### EXTRACTED RECORDS ###
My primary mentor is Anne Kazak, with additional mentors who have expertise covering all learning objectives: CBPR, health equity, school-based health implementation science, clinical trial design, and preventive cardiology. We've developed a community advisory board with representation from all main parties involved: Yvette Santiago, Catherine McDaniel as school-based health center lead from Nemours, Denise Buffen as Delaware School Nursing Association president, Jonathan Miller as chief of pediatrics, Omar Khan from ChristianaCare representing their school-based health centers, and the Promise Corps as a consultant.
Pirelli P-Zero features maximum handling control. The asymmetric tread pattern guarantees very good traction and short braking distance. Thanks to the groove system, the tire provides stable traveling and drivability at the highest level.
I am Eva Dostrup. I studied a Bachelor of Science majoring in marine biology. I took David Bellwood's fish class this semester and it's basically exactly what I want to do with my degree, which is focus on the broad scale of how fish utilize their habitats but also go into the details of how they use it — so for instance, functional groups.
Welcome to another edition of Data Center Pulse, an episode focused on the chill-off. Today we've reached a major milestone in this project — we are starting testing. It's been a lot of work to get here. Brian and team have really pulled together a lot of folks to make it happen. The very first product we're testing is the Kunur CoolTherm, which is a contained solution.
###
### EXTRACTED RECORDS ###
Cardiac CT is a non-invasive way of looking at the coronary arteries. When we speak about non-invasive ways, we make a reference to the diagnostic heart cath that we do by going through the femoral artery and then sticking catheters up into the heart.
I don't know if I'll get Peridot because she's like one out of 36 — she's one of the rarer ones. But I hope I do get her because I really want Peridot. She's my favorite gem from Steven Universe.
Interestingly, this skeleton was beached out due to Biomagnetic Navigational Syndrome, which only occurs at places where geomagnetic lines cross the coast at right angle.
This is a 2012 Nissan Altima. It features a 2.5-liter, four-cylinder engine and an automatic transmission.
###
### EXTRACTED RECORDS ###
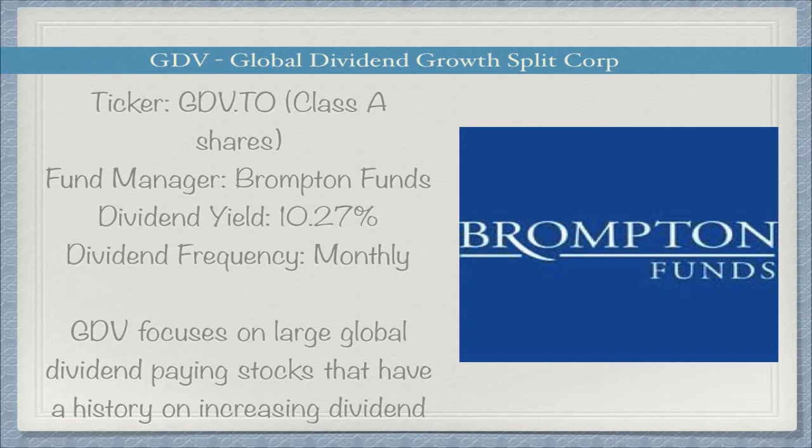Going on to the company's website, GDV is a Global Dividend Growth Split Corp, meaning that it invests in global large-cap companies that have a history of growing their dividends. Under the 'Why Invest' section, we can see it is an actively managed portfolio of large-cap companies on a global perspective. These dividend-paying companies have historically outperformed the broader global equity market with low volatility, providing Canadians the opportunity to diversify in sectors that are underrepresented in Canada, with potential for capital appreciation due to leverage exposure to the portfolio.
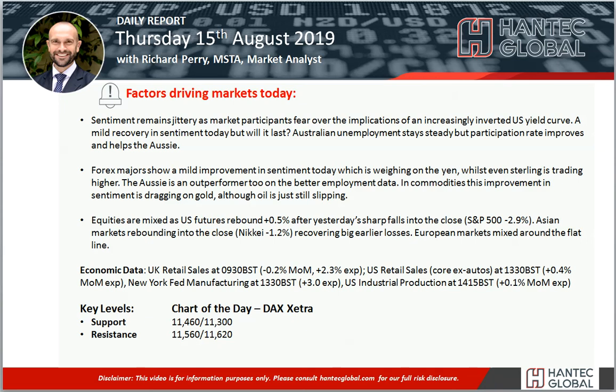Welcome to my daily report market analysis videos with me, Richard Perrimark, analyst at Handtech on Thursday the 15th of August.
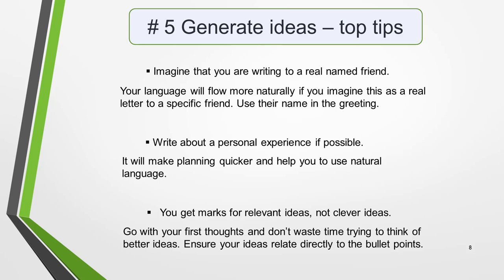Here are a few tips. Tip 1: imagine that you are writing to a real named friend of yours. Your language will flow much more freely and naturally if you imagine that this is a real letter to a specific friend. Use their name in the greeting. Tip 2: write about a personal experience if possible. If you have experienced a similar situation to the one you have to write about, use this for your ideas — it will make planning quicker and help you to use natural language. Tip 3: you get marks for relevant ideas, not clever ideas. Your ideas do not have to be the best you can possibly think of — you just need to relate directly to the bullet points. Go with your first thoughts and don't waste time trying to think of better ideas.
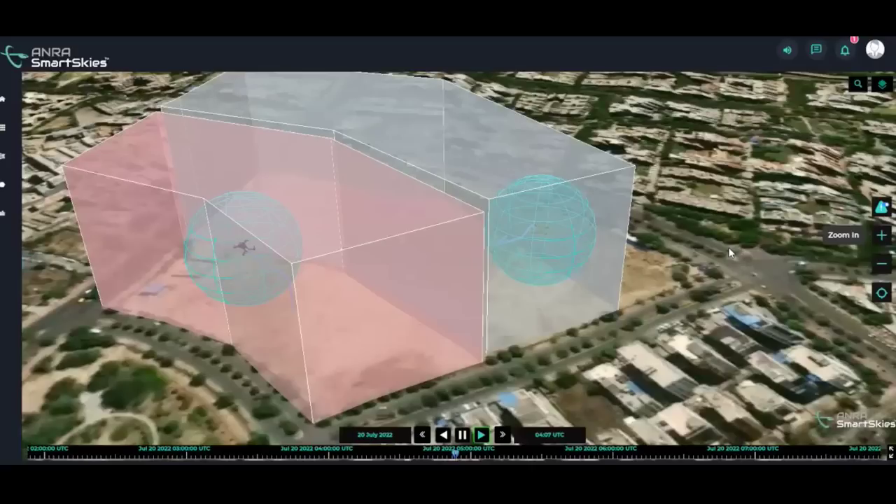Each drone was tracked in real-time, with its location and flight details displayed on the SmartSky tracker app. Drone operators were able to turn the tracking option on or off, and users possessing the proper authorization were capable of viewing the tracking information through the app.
###
▶ _TASK DIRECTIONS_: Which lines above run from the one containing "Pirelli P-Zero features" down to the one containing "I am Eva Dostrup."? Repeat exactly those, both ends included, and nothing else.

▶ _YOUR RESPONSE_:
Pirelli P-Zero features maximum handling control. The asymmetric tread pattern guarantees very good traction and short braking distance. Thanks to the groove system, the tire provides stable traveling and drivability at the highest level.
I am Eva Dostrup. I studied a Bachelor of Science majoring in marine biology. I took David Bellwood's fish class this semester and it's basically exactly what I want to do with my degree, which is focus on the broad scale of how fish utilize their habitats but also go into the details of how they use it — so for instance, functional groups.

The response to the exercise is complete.